I had to resort to asking them that can we please take this more easy because I have to build up the fundamentals and adjust to the fact that I am now living in a reality that is vastly different from what it was mere six months ago. Judging by how things have been going, they probably agreed. I don't feel like they abandoned me either. They know and understand.
>Divining some I-Ching on the matter leads to some personally frightening answers even if the message is positive
Yeah sometimes the positive messages are the scariest. I really wish you all of the best. I feel like you are in a much more better place to face this than I was, still am.
>>47204063
Why the angel number on such a vulgar reply? I really don't know enough about the numbers.

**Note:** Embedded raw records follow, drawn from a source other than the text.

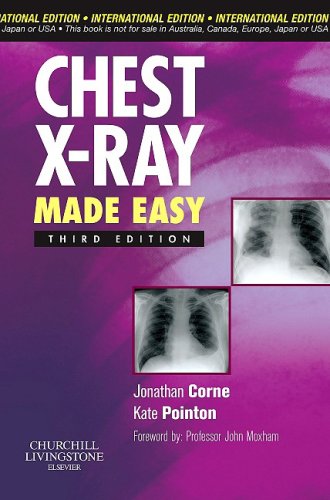 Chest X-Ray Made Easy Third Edition Books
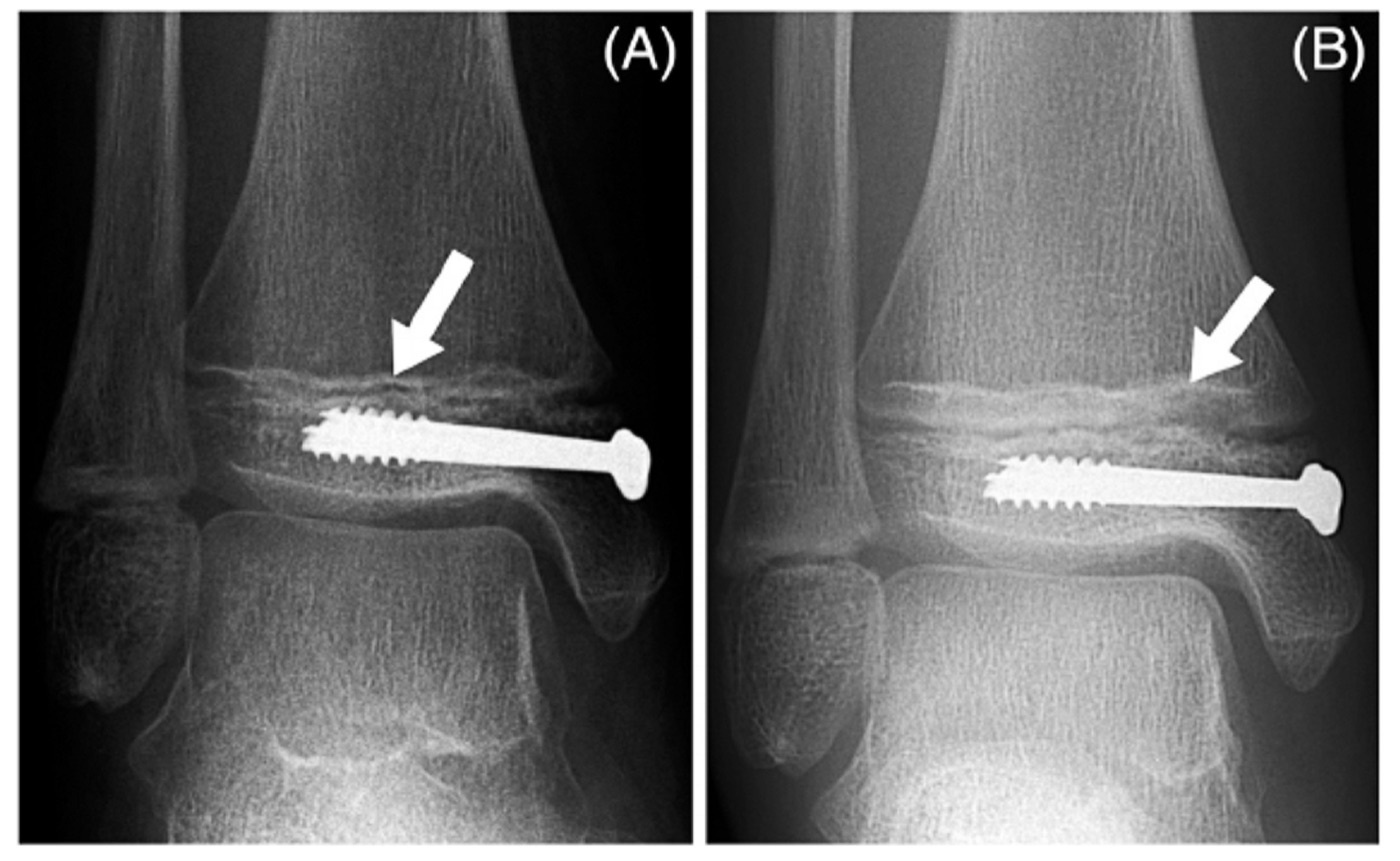 Figure 15. A Park-Harris growth-arrest line (arrows) that has grown away parallel to the distal tibial physis between two and seven months, indicating continued symmetric growth. Kennedy et al., CC BY 2.0, via Wikimedia Commons.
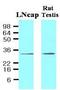 STEAP Family Member 1 antibody, GTX53786, GeneTex, Western Blot image 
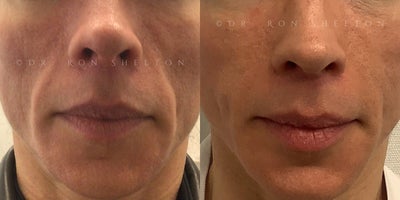 45-54 year old woman treated with Dermal Fillers, Nonsurgical Facelift - 48 year old woman treated with Evolysse Form one syringe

Speaking of 333, what do you think of the fact that kuji-in has nine syllables, nine of course being 3+3+3?

>> No.47206039

Right now I have to rest (I'd have a quite a bit to say otherwise) but let me at least clarify 2 things at this time:
>>47205623
>unbiased understanding
Meant to say biased there! That's where fast typing & getting caught up in a lot internally at once can get me sometimes so I do apologize for any unnecessary confusion and not catching that sooner, especially with the topics at-hand.
Really with that comment I was just trying to clarify how if you intentionally skew your overall understanding of who you're attempting to interact with in a greater sense without showing efforts to see them more "as they are" and not solely as you might want them to be (like you've touched-on before) then that will naturally cause some dissonance. If you do have a great amount of familiarity & trust but start being unreasonably demanding towards what you'll get/have out of things (and I mean that in a more selfish sense to put things broadly for now) then you could just be chasing after a fruitless goal for some amount of time without picking up on any greater lessons until change is required. Unbiased understanding through collective cooperation is actually an ideal here, can't believe I slipped up there...
Speaking of slipping up, I did also forget/neglect to mention in my earlier minor-fervor that I had just lit some incense in that (>>47202333) moment per my own inclinations a good few seconds beforehand and seeing >>47202319 right away combined with the time cause the intrusive inclinations to win I suppose...not that full vulgarity was entirely intended but I of course understand how that could sully the mood somewhat.
Why oh why indeed...

>> No.47207420

Hello again gentlemen, by, perhaps not necessarily popular, request I've polished off what I've got so far for analysis of Touhou's current worldbuilding, and thrown in a little extra delving into my own thoughts on the broad strokes of what's been discussed in these past few threads. I'll admit I'm perhaps even moreso I've become confused as to the mentality of the people here referring to the seemingly joking reply that other Anon made as vulgar, but perhaps it's best if I forfeit my attempts to understand some of these ideas that just seem to be based in a completely different frame of mind. In any case, without further ado, here it is.
https://pastebin.com/bE0GGVAC

>> No.47207820

>>47207420
>420
>The numbers.

>> No.47207852

>>47207820
WHAT DO THEY MEAN

>> No.47207860

>>47205623
>Speaking of 333, what do you think of the fact that kuji-in has nine syllables, nine of course being 3+3+3?
I think that there is a close connection between language and numbers. Not sure what the exact nature of it is, but its interesting to see what some people have dug up regarding mainstream titles/names/terms.
Is it quantum physics, or something entirely and absolutely unknown?